What is index-linked rent in Switzerland?

Everything you need to know about index-linked rents in Switzerland: how they work, CPI, calculation, advantages and disadvantages for commercial properties.

Written by
Remo Stahl
Published on
April 28, 2025

When determining the rent for office and commercial space in Switzerland, the parties are generally free to agree on the rent, but it is subject to judicial review for abuse (Art. 269 OR). In addition to the usual adjustments (relative method), there are special models such as the Swiss index-linked rent (Art. 269b OR) and the graduated rent (Art. 269c OR), which are largely independent of the ordinary grounds for adjustment.

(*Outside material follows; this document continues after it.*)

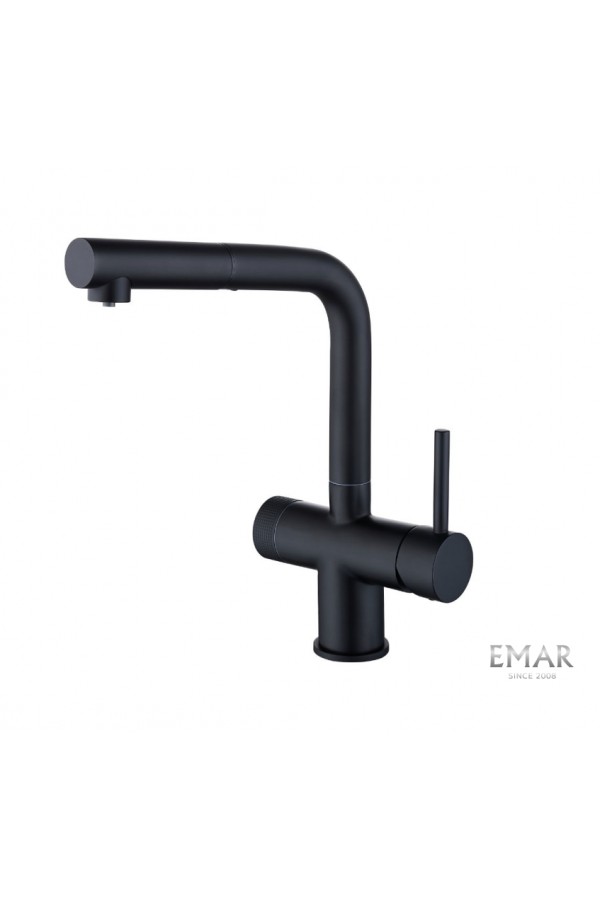 Смеситель EMAR 7026 Black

Index-linked rent is a particularly relevant mechanism for long-term commercial leases involving tenant investments.
 

 

What is index-linked rent?

Index-linked rent, regulated in Article 269b OR, links the rent to the development of the national consumer price index (CPI) published by the Federal Statistical Office (FSO).

Two mandatory requirements must be met:

  1. Minimum contract term: The contract must be concluded for at least five years (non-terminable by the landlord). 

  2. Index basis: Only the CPI may be used as the index.

 

The tenant may be granted an earlier right of termination in the contract. The landlord's five-year commitment is the consideration for being allowed to pass on the full cost of inflation (100%) via the CPI, unCPIe with the relative method (max. 40%).

 

 

Indexation of rental agreements: How does the adjustment work?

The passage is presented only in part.